Influenza virus and antigen preparation used for antibody assay

A/California/07/2009 virus purified whole virion was prepared by means of sucrose density gradient centrifugation for HI test. HA split vaccine bulk material of influenza A(H1N1)pdm2009 was used to determine IgG subclass antibody titer, which was adjusted to 333 ng/mL of HA protein in phosphate-buffered saline (PBS) as antigen.

Determination of HI and NT antibody specific to influenza A/California/07/2009 virus

The serum samples were stored at −35°C until testing. The HI test was performed by a standard microtiter assay with human type O erythrocytes after removal of nonspecific inhibitors with receptor-destroying enzyme and of cold agglutinins by hemadsorption at 4°C. All specimens were tested on the same day using identical reagents.

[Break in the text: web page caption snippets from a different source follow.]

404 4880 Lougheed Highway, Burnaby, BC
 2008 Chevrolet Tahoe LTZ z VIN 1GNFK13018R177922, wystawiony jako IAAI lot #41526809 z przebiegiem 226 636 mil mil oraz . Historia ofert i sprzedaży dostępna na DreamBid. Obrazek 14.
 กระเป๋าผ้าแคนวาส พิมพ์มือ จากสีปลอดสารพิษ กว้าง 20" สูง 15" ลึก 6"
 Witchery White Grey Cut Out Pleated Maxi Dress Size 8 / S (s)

Determination of NT antibody titers was carried out by the microneutralization (MN) assay (17). In brief, serially diluted sera (1:10 to 1:1280) in Dulbecco's minimal essential medium (DMEM) were prepared in a 96-well microplate. An equal volume of virus fluid (50 FFU/25 μL) was added and incubated at 37°C for 60 min in a 5% CO₂ incubator. As a positive control, viruses were mixed with an equal volume of DMEM without serum. After incubation, 50 μL of the NT mixture was inoculated onto a monolayer of MDCK cells in a 96-well microplate. After incubation for 16–20 h, cells were fixed with absolute ethanol and reacted with mouse monoclonal antibody against influenza A virus nucleoprotein (NP; clone C43) (17), followed by incubation with horseradish peroxidase (HRP)-conjugated goat anti-mouse IgG antibody (A2304; Sigma). Cells expressing viral antigens were visualized by 3,3′-diaminobenzidine tetrahydrochloride hydrate (D5637; Sigma). The MN titer was indicated by the reciprocal value of the maximum dilution at which the number of foci showed 50% reduction compared with the positive control.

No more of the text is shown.